→ **Work required**
Only one stretch of the data should be retyped: the lines from the line containing "Dört tekerlekten çekiş" through the line containing "Peluquería en venta". Keep pictures out of it.

Listed entries Start Marker

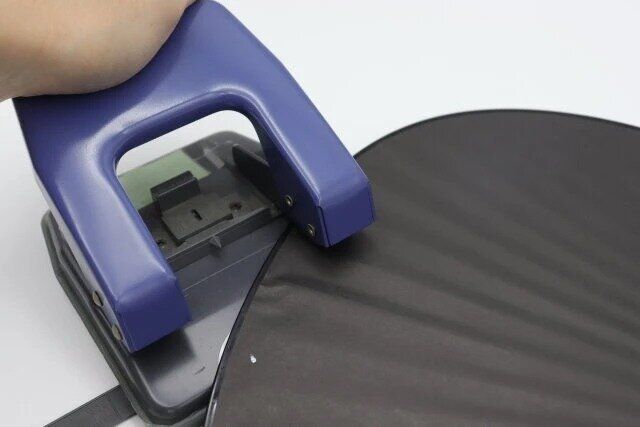 ダイソーのめくる！ファンサうちわキット（黒シート×5枚、プラリング付）2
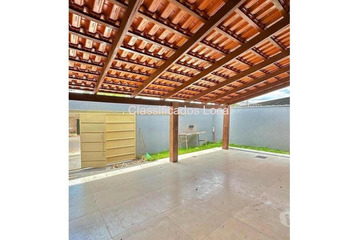 Casa de 3 quartos sendo um suíte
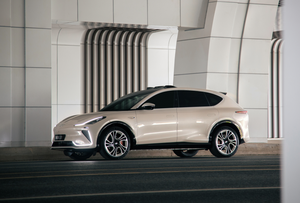 Dört tekerlekten çekiş IM 2023 <span class=keywords><strong>LS7</strong></span> 90Kmh Elite edition çin saf elektrik yeni enerji araçları SUV 5 koltuklar kullanılmış araba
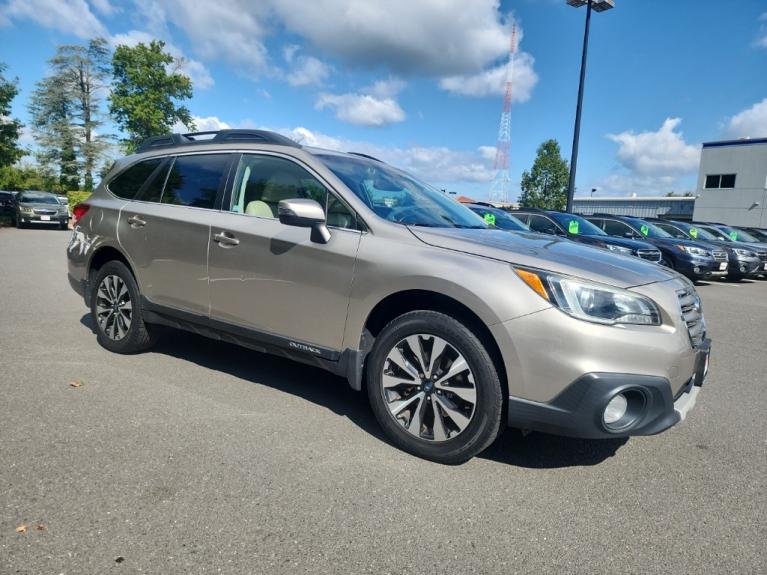 Used 2015 Subaru Outback 2.5i Limited for sale Sold at Victory Lotus in New Brunswick, NJ 08901 7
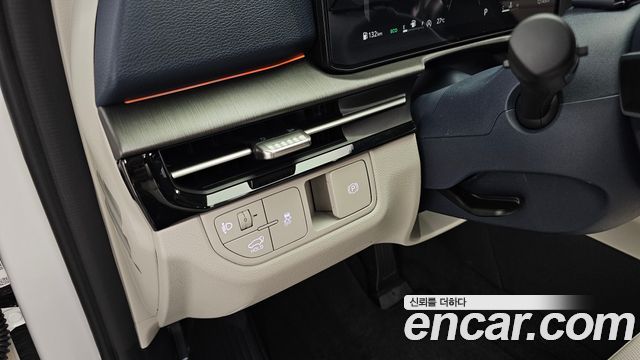 Kia Sportage (V) Gasoline 1.6 Turbo 2WD Signature 2025 — фото 18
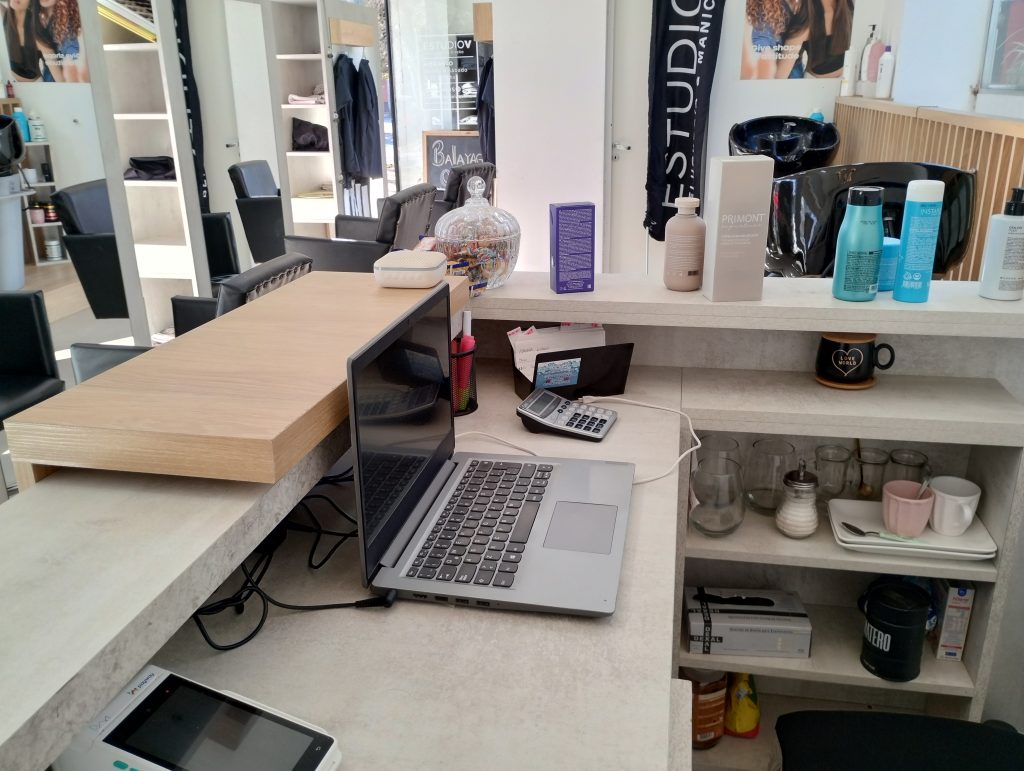 Peluquería en venta diagonal 76 n 1060 zona parque San Martin La Plata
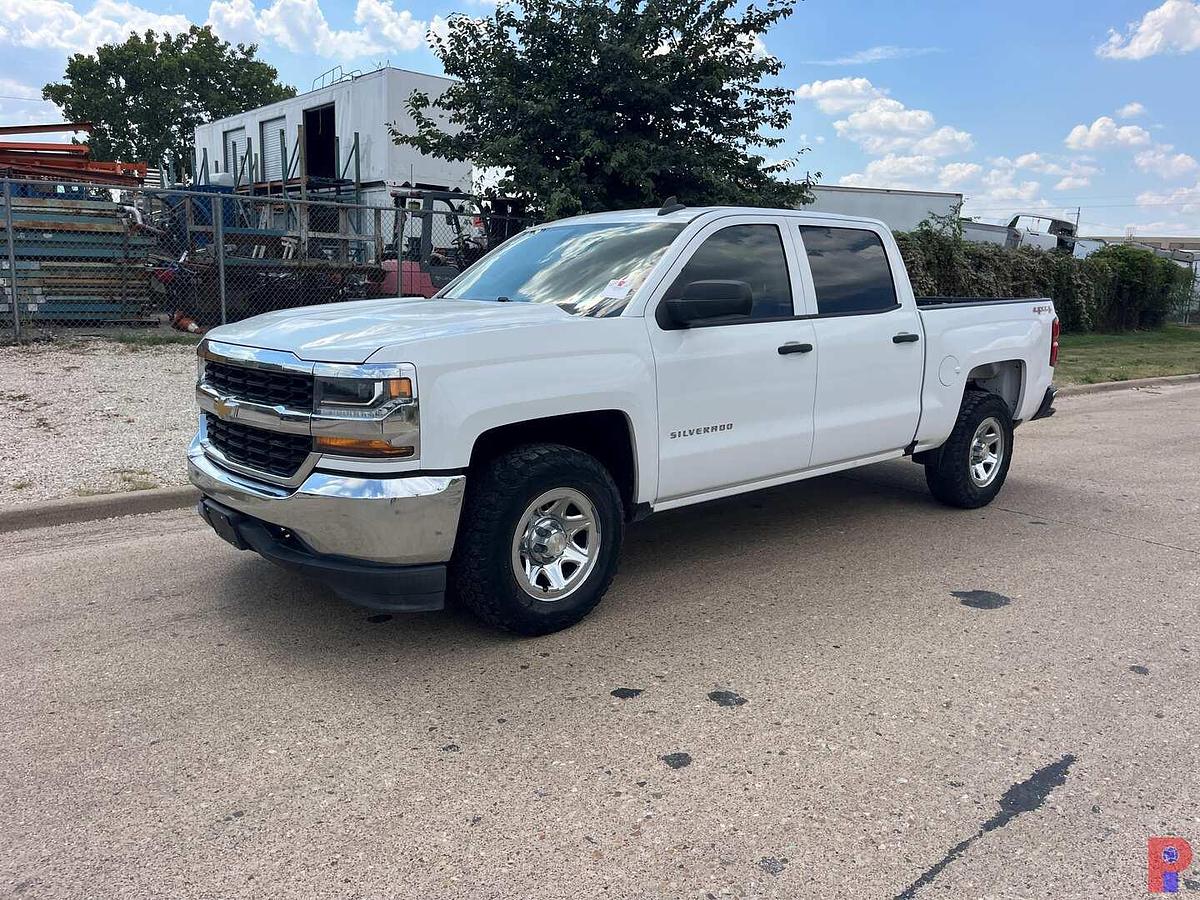 Used 2017 CHEVROLET SILVERADO 4X4 CREW CAB PICKUP
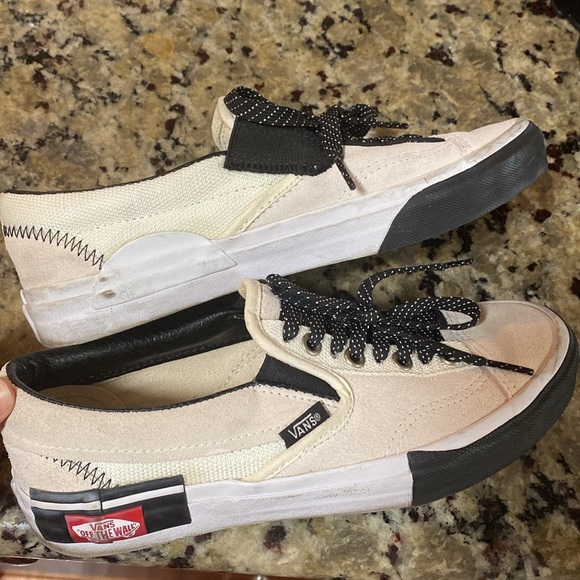 RARE- White suede with black, deconstructed slip on Vans - Picture 3 of 8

Listed entries End Marker

→ **Output for this exercise**
 Dört tekerlekten çekiş IM 2023 <span class=keywords><strong>LS7</strong></span> 90Kmh Elite edition çin saf elektrik yeni enerji araçları SUV 5 koltuklar kullanılmış araba
 Used 2015 Subaru Outback 2.5i Limited for sale Sold at Victory Lotus in New Brunswick, NJ 08901 7
 Kia Sportage (V) Gasoline 1.6 Turbo 2WD Signature 2025 — фото 18
 Peluquería en venta diagonal 76 n 1060 zona parque San Martin La Plata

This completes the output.